NEW YORK — The crowd at Yankee Stadium was loud from the first pitch of Game 4 of the American League Championship Series on Thursday night. They knew the home team needed a lift after consecutive losses against the Houston Astros.
But the steady buzz of support dissolved into fits of aggravated booing as the Astros put together an 8-3 victory.
The Yankees committed four errors, struck out 13 times and were 0 for 7 with runners in scoring position. Three-run homers by George Springer and Carlos Correa put the Astros a victory away from their second World Series in three years.
It gets worse for the Yankees. Houston has Justin Verlander ready for Game 5 on Friday night with a chance to close out the series. He faced the Yankees in Game 2 and allowed two runs over 6⅔ innings.
What little positive energy remaining in the Stadium vanished in the eighth inning when CC Sabathia was escorted off the field by an athletic trainer after suffering a shoulder injury while throwing a pitch to George Springer.
It was very likely the final moment of a Hall of Fame-worthy career for Sabathia, who announced his retirement prior to the season. Yankees manager Aaron Boone said Sabathia would likely be replaced on the roster before Game 5.
That would make him ineligible for the World Series if the Yankees pulled off a comeback.
The 39-year-old lefthander pitched 19 seasons in the majors, the final 11 for the Yankees.
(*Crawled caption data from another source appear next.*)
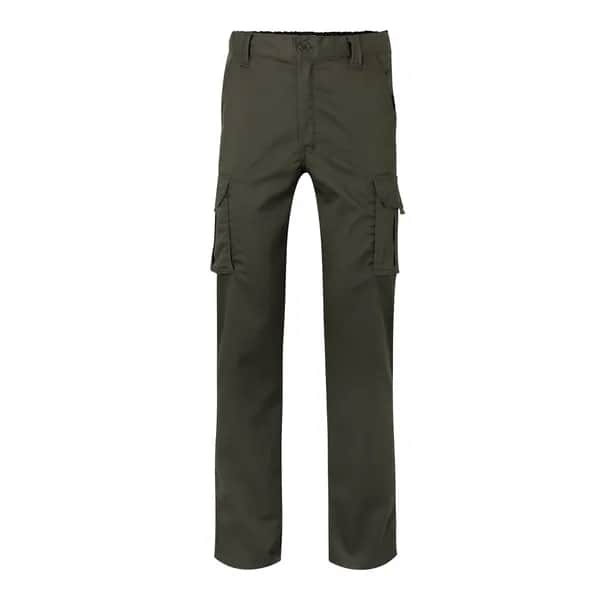 Multitaschen-Stretchhose (290 g/m²) aus Baumwolle (46 %), EME (38 %) und Polyester (16 %) - VL PAN - Khaki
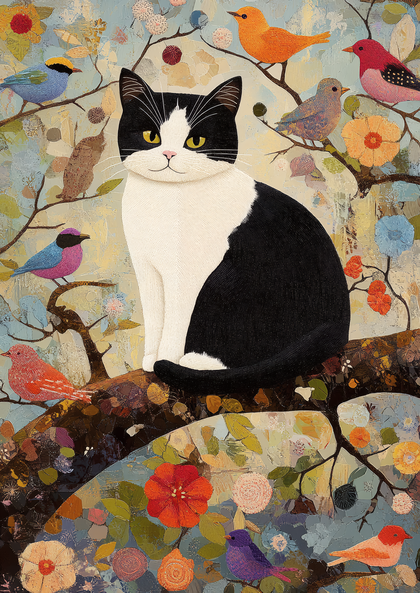Cat Among Birds
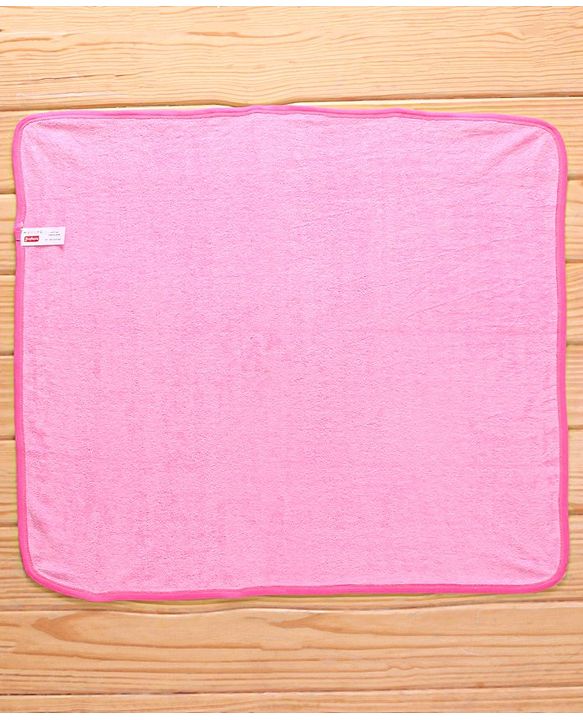 Babyhu Knit Terry Towel Polka Dot Print L 76.2 x B 76.2 cm - Pink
Sabathia won 251 games and struck out 3,093.
Outside of small groups of Astros fans behind the visitors’ dugout, Yankee Stadium was almost empty as the game ended. It brought to mind Game 3 of the Division Series last season when the Red Sox beat the Yankees, 16-1.
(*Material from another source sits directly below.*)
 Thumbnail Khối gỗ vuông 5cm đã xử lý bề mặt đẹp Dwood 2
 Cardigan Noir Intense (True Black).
It was an embarrassing and depressing night for the Yankees.
“We played poorly tonight. There’s no other way to explain it,” Boone said. “We need to flush this immediately. We talked about it as a team, we need to get over this in a hurry and come put our best foot forward tomorrow. Stranger things have certainly happened. A lot stranger.”
The Yankees have scored only six runs in the last three games after a 7-0 victory in Game 1. They are hitless in 13 at-bats with runners in scoring position in the last two games.
This by a team that led the majors with a .294 batting average and .890 OPS with runners in scoring position during the season.
The Yankees scored a run in the first inning against Zack Greinke, who didn’t have command of his fastball and walked Brett Gardner with the bases loaded.
Then Springer connected off Masahiro Tanaka in the third inning and Correa off Chad Green in the sixth.
Gary Sánchez, who was 2 of 23 in the postseason, hit a two-run homer for the Yankees in the sixth inning. But poor defense by the Yankees gave the Astros runs in the eighth and ninth.
The Yankees had not committed four errors in a postseason game since 1976.
From a pitching standpoint, the big moment for Houston came in the fifth inning. After Greinke put two runners on with one out, former Red Sox minor leaguer Ryan Pressly walked Aaron Hicks to load the bases then struck out Gleyber Torres swinging at a slider and Edwin Encarnacion swinging at a fastball.
“Pressly is really good. The power breaking ball I thought was going to be really good during that group of hitters,” Astros manager A.J. Hinch said. “Torres had killed Greinke over the last couple games, too. I was well aware of that.
Houston’s bullpen held the Yankees to two runs over 4⅔ innings.
“The best thing we did was put Game 1 behind us,” Houston right fielder Josh Reddick said. “We have a great pitching staff and to come in here and take two games, it was a big momentum swing.”
A victory on Friday would give the Astros three days off before hosting the Washington Nationals in Game 1 of the World Series on Tuesday.
It also would allow them to start Gerrit Cole, Greinke and Verlander in the first three games against Washington’s trio of Max Scherzer, Stephen Strasburg and Patrick Corbin.
“Getting that win [Friday] would give us some time to spend with our families and have some light workouts,” Reddick said. “That would be huge. We still have work to do.”